Jumat, 29 November 2013

Peluang, Beberapa Asumsi Ilmu dan Batas-Batas Penjelajahan Ilmu

ONTOLOGI ILMU

A.    Peluang
Menurut Kamus Besar Bahasa Indonesia (2008), pengertian peluang yaitu: (1) Kesempatan; (2) Ruang gerak, baik yang konkret maupun yang abstrak, yang memberikan kemungkinan bagi suatu kegiatan untuk memanfaatkannya dalam usaha mencapai tujuan. Dalam perkembangannya peluang menjadi salah satu cabang ilmu yang baru yang kemudian dikenal dengan ilmu probabilistik atau ilmu peluang. Walau termasuk ilmu yang relatif baru, ilmu ini bersama dengan statistika berkembang cukup pesat. Peluang dinyatakan dari angka 0 sampai 1. Angka 0 menyatakan bahwa suatu kejadian itu tidak mungkin terjadi. Dan angka 1 menyatakan bahwa sesuatu itu pasti terjadi. Misalnya bahwa peluang semua makhluk hidup itu akan mati dinyatakan dengan angka 1.
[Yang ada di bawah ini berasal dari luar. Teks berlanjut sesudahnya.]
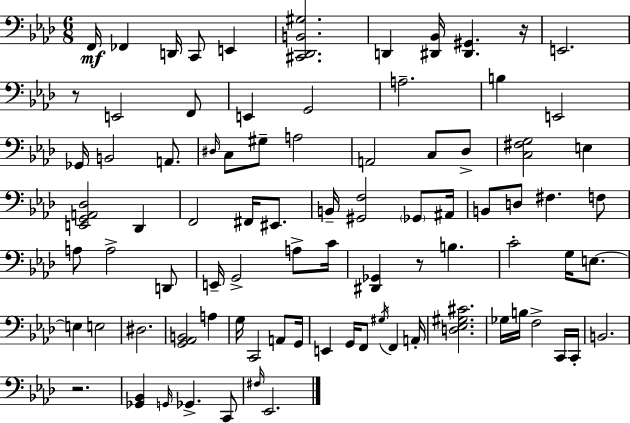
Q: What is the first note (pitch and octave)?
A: F2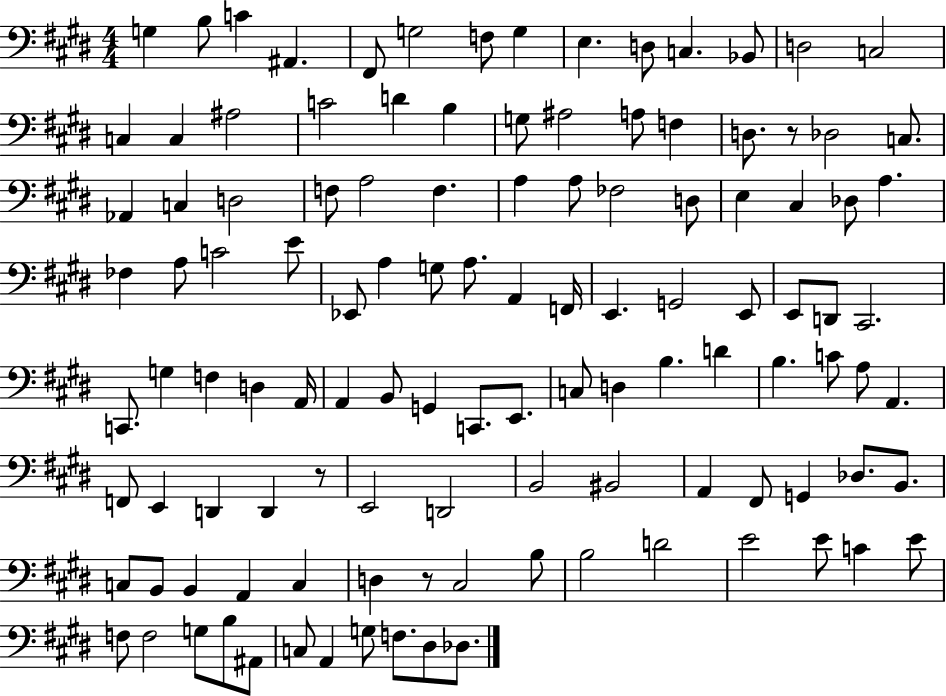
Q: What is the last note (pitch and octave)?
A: Db3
Hukum statistika hanya menyatakan distribusi kemungkinan atau peluang dari nilai besaran dalam kasus-kasus individual. Misalnya peluang munculnya angka tertentu dari lemparan dadu adalah 1/6. Hukum statistik tidak meramalkan apa yang akan terjadi atau apa yang pasti terjadi dalam suatu lemparan dadu. Hukum ini hanya menyatakan jika kita melempar dalam jumlah lemparan yang banyak sekali maka setiap muka dadu diharapkan untuk muncul sama seringnya.
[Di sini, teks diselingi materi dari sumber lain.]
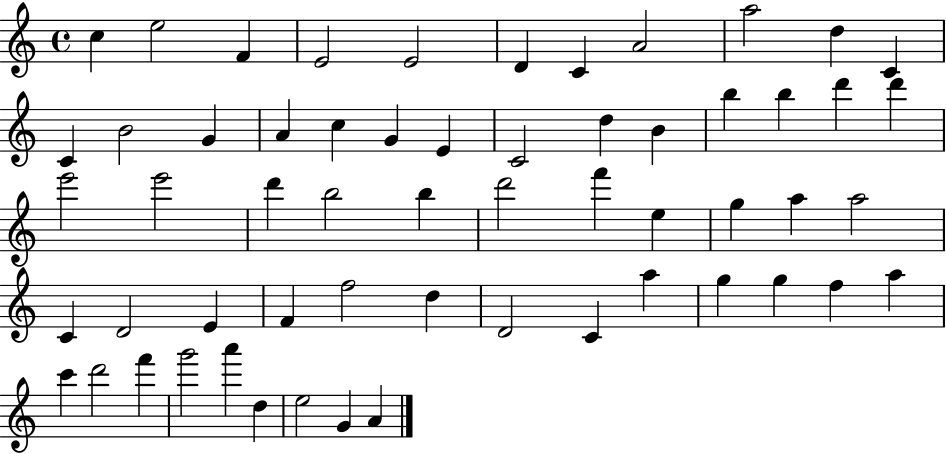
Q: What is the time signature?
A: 4/4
Kita tahu bahwa untuk menjelaskan fakta dari suatu pengamatan, tidak pernah pasti secara mutlak karena masih ada kemungkinan kesalahan pengamatan. Namun di luar dari pada itu jika hal ini ditinjau dari hakikat hukum keilmuwan maka terdapat kepastian yang lebih besar lagi. Hal itu karena ilmu menyimpulkan sesuatu dengan kesimpulan probabilistik. Ilmu tidak pernah ingin dan tidak pernah berpretensi untuk mendapatkan pengetahuan yang bersifat mutlak. Ilmu memberikan pengetahuan sebagai dasar untuk mengambil keputusan lewat penafsiran kesimpulan ilmiah yang bersifat relatif. Ilmu memberikan pengetahuan sebagai dasar bagi kita untuk mengambil keputusan, dimana keputusan harus berdasarkan penafsiran kesimpulan ilmiah yang bersifat relatif dengan demikian maka kata akhir dari suatu keputusan terletak di tangan kita dan bukan di teori-teori keilmuan. Oleh karena itu manusia yang mempercayai ilmu tidak akan sepenuhnya menumpukan kepercayaannya terhadap apa yang dinyatakan oleh ilmu tersebut.